Partial Text: Lassa fever was first described in 1969 as the cause of a nosocomial outbreak of hemorrhagic fever in Nigeria . Lassa fever is an acute viral infection associated with a wide spectrum of disease manifestations, which range from mild courses to multiorgan failure [1–3]. The etiologic agent of Lassa fever is Lassa virus (LASV, family Arenaviridae, genus Arenavirus) . The natural host of LASV is the small rodent Mastomys natalensis, which lives close to human settlements . The rodents can become chronically infected at birth and excrete infectious virus in urine and other body fluids, with subsequent transmission to humans . There is evidence of human-to-human transmission in both hospital and community settings . The fact that LASV may be transmitted from human to human gives rise to nosocomial or community-based outbreaks. LASV is endemic in the countries of Nigeria, Liberia, Sierra Leone, and Guinea [8, 9] and was detected in Mali [10, 11]. Seroepidemiological studies and imported cases of Lassa fever indicate that arenaviruses circulate somewhere in the region comprising Côte d’Ivoire and Burkina Faso . The annual incidence is estimated at 300,000 cases, with 5,000 fatalities per year [13, 14]. Additionally, LASV has been introduced several times into Europe, Japan, and North America. Among the hemorrhagic fever viruses of risk group 4 (such as Crimean-Congo hemorrhagic fever, Ebola, and Marburg virus), LASV has been most frequently imported . The virus usually is imported by returning travelers [16, 17]. Within Europe, LASV infections have been imported to Germany [18, 19], The Netherlands  and the United Kingdom .
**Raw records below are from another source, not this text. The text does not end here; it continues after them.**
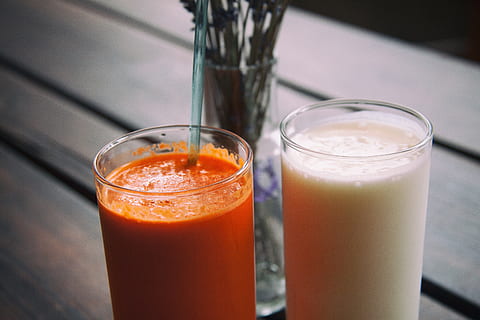 fresco, succo, kefir, sfondo, base, bio, blanc, miscelato, carota, vicino, avvicinamento, crema, cremoso, creme, cucina, cagliata, latteria, dolce, dieta, bere, mangiare, energia, Grasso, fatless, cibo, frais, freschezza, frutta, bicchiere, verde, salutare, isolato, giuncata, lattico, foglia, liquido, latte, frappè, natura, nessuno, arancia, biologico, rosa, scuotere, spruzzo, piazza, cannuccia, estate, su, verdura, bianca, legna, Yogurt, rinfresco, cibo e bevande, mangiare sano, attrezzature domestiche, benessere, due oggetti, colore arancione, natura morta, in casa, giorno, prima colazione, bevanda analcolica, 4K, CC0, dominio pubblico, privo di copyright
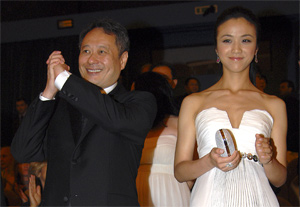 Ang Lee y Tang Wei presentan 'Lust, Caution'. (Foto: AP)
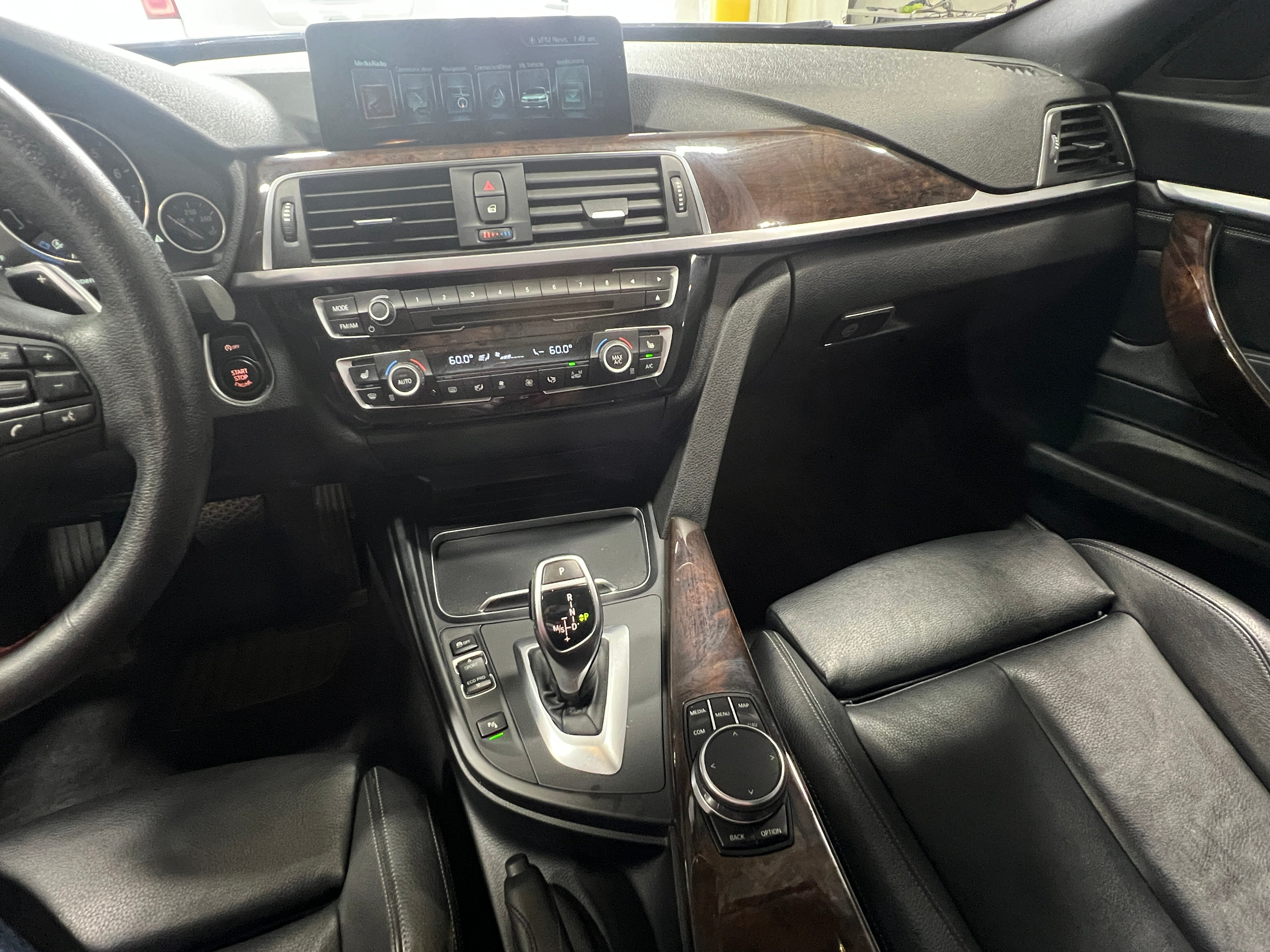 2017 BMW 3 Series 330i xDrive 3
Twenty-four (86%) of the 28 laboratories, which received the EQA material, reported results. The 24 participating laboratories, located in 17 countries—13 European, one African, one Asian, and two American countries (Table 1). The LASV detection rate varied among laboratories and scores ranged from 9 to the maximum of 14 (Table 2). Average score for all participating laboratories was 13 points. Good results were achieved by 13 (54%) laboratories, 4 (17%) laboratories achieved acceptable results, and 7 (29%) laboratories had need for improvement. Table 3 shows that 13 (54%) laboratories correctly detected LASV in all 12 LASV samples (100% detection rate). Three (12%) participants had one false negative result (92% detection rate). Eight participants had a detection rate between 58% and 83%. None of the laboratories reported false-positive results for the negative control samples.